Mouvement de masse à l’origine, le PDG a aujourd’hui l’apparence d’un parti de cadres. La course aux postes et aux investitures semble le souci premier d’une grande partie de ses membres. Le mouvement prend des allures de parti-réseau, tremplin idéal dont on se sert pour accéder à la haute fonction publique. Chaque représentant provincial du bureau politique essaie d’imposer ses lieutenants aux différents postes clés. En revanche, les réflexions idéologiques semblent de plus en plus limitées. Ce qui inquiète l’ancien Premier ministre, Jean-François Ntoutoume Emane, qui rappelle que « les partis meurent de l’opportunisme des dirigeants, de l’exacerbation des ambitions, de l’absence de doctrine et des divisions internes ». Conséquence, malgré son poids sur la scène politique, le mouvement lancé en 1968 est devenu quasiment inaudible. On l’attend, en vain, sur le terrain des idées, de la diversification de l’économie à la hausse du niveau de vie de la population, en passant par la lutte contre la corruption ou la poursuite des réformes visant à améliorer la gouvernance. À la base de la pyramide, l’engagement des militants se fait tiède ou intéressé. De plus en plus exigeants, ils rechignent à verser leurs cotisations. Les déçus du PDG viennent grossir les rangs des abstentionnistes : lors des trois dernières consultations électorales, le taux d’abstention a atteint une moyenne de 70 %.

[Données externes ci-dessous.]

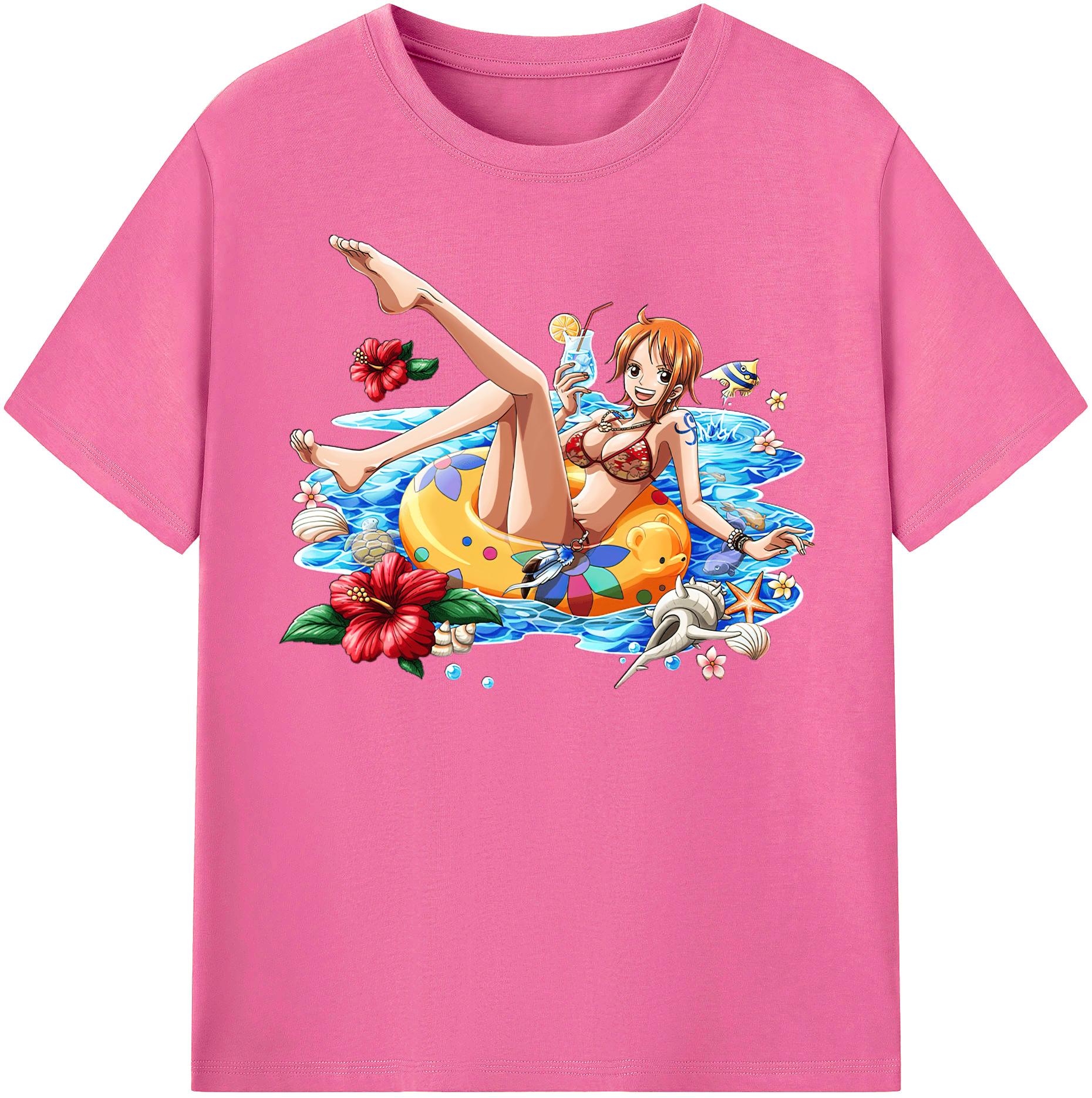 （画像用） ワンピース ナミ ONE PIECE Nami レディースカジュアルプリントTシャツ（綿100％）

Par ailleurs, avant le dernier congrès, les critiques ciblaient le grand nombre d’instances de direction. Certains souhaitaient une réforme de ces organes multiples pour donner plus de dynamisme au PDG. Particulièrement visés, le Bureau politique et le Conseil national, qui ne se réunissent que très rarement. Mais les partisans de la réforme n’ont pas obtenu gain de cause, puisqu’un Conseil permanent de dix-huit membres triés sur le volet a été créé, venant s’ajouter aux organes existants. Peut-être le nouvel élan qu’on attend de l’équipe dirigée par Faustin Boukoubi, nommé secrétaire général en septembre dernier, viendra-t-il de la redéfinition des fonctions des six nouveaux secrétaires généraux adjoints, qui auront désormais la charge d’un secteur spécialisé ? Toujours est-il que, au sommet, le parti reste un mastodonte doté de deux vice-présidents honoraires (Marcel-Eloi Chambrier et Jean-François Ntoutoume Emane) et de huit vice-présidents.

« Sans croûte ni mie »

À l’instar des « gouvernements de consensus » dont les effectifs sont souvent jugés pléthoriques, le maintien d’un grand nombre de postes, pour la plupart « sans croûte ni mie », au niveau de la direction du mouvement pourrait se justifier par le « spectre de l’éclatement tribal » décrit par l’universitaire Marc Mve Bekale. Le souci de l’ancrage national et la peur des convulsions ethniques poussent le parti à opérer un délicat équilibrage régional comparable à celui observé jusqu’alors dans la formation du gouvernement et dans les nominations au sein de la haute administration. Jusqu’à présent, cela a plutôt permis de préserver la stabilité du pays. La question est maintenant de savoir si le PDG survivra à son fondateur tant la crainte d’un éclatement est grande, au regard des ambitions rivales de ses poids lourds… Bref, le parti doit maintenant démontrer qu’il peut faire mieux que conserver le pouvoir.